The lost art of joy – Adversity

If we were to believe the average Pinterest quote, it’s easy to be happy.

“Positive mind, Positive Vibes, Positive Life”.
“I choose to be happy”.
“Why be moody when you can shake yo booty”.

Yep, easy right. Positively choose to turn on the light and shake yo booty, and you will have joy.

But we know from life experience that it isn’t always easy to have joy. It’s easy when times are good, when things are going in your favour.

It’s not so easy when things are difficult or times are tough – when you’re sick, when you’re broke, when you’re alone, when you’re stressed and stretched to your limit.

We all encounter adversity at some in our lives, and it’s through those times of personal difficulty that we usually grow the most, although it never feels like that at the time.

When times are difficult, we can still experience joy. Occasionally Pinterest has some pertinent quotes – “Happiness can be found even in the darkest of times if one only remembers to turn on the light”. It might be hard to see the joy in times of darkness and difficulty, and sometimes we just need to shine a little bit of light into the situation to see some of the joy around us.

One of the most profound examples of this was that of Viktor Frankl, an Austrian neurologist and psychiatrist who survived three years in Nazi concentration camps. He lived through some of the most inhumane depravity that a human being could be forced to endure, and that experience helped him understand that circumstances did not necessarily determine someone’s experience of joy, but that even in the midst of suffering, a person could still find beauty and meaning.

In “Man’s search for meaning”, he wrote:

We stumbled on in the darkness, over big stones and through large puddles, along the one road leading from the camp. The accompanying guards kept shouting at us and driving us with the butts of their rifles. Anyone with very sore feet supported himself on his neighbor’s arm. Hardly a word was spoken; the icy wind did not encourage talk. Hiding his mouth behind his upturned collar, the man marching next to me whispered suddenly: “If our wives could see us now! I do hope they are better off in their camps and don’t know what is happening to us.”

That brought thoughts of my own wife to mind. And as we stumbled on for miles, slipping on icy spots, supporting each other time and again, dragging one another up and onward, nothing was said, but we both knew: each of us was thinking of his wife. Occasionally I looked at the sky, where the stars were fading and the pink light of the morning was beginning to spread behind a dark bank of clouds. But my mind clung to my wife’s image, imagining it with an uncanny acuteness. I heard her answering me, saw her smile, her frank and encouraging look. Real or not, her look was then more luminous than the sun which was beginning to rise.

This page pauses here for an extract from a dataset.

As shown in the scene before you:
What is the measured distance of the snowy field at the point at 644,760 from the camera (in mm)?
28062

A thought transfixed me: for the first time in my life I saw the truth as it is set into song by so many poets, proclaimed as the final wisdom by so many thinkers. The truth – that love is the ultimate and the highest goal to which Man can aspire. Then I grasped the meaning of the greatest secret that human poetry and human thought and belief have to impart: The salvation of Man is through love and in love. I understood how a man who has nothing left in this world still may know bliss, be it only for a brief moment, in the contemplation of his beloved. In a position of utter desolation, when Man cannot express himself in positive action, when his only achievement may consist in enduring his sufferings in the right way – an honorable way – in such a position Man can, through loving contemplation of the image he carries of his beloved, achieve fulfillment. For the first time in my life I was able to understand the meaning of the words, “The angels are lost in perpetual contemplation of an infinite glory.”

Even in the midst of hostility, hate and hardship, Frankl and those around him engaged in unity, comradery, understanding of beauty and the memory of love. The human spirit can not be suppressed by external conditions. As Frankl also wrote,

Everything can be taken from a man but one thing: the last of the human freedoms—to choose one’s attitude in any given set of circumstances, to choose one’s own way.

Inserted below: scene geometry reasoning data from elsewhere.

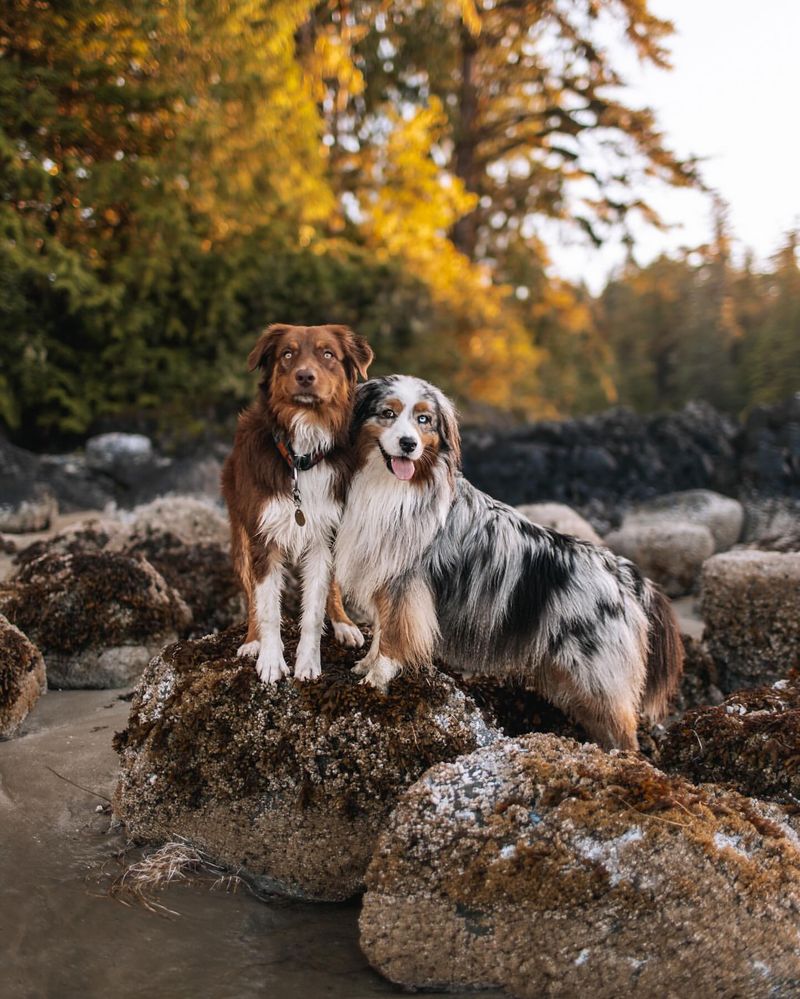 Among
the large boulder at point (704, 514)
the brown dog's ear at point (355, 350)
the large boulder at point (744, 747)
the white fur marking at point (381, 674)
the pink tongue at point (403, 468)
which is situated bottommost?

Modern psychology has helped to explain what it is that contributes to happiness and joy. Sonja Lyubomirsky and her colleagues once published that intentional actions can contribute as much as 40% to a person’s feeling of happiness, where as circumstances could only contribute 10%.

This work wasn’t without it’s criticism, but it does make two pertinent points.

The first thing and most important for today is that our happiness is less about what’s going on around us and more about what we do.

Yes, adversity does make joy more difficult to experience, but not impossible.

Don’t allow life to beat you down. See the joy that is beyond your circumstances.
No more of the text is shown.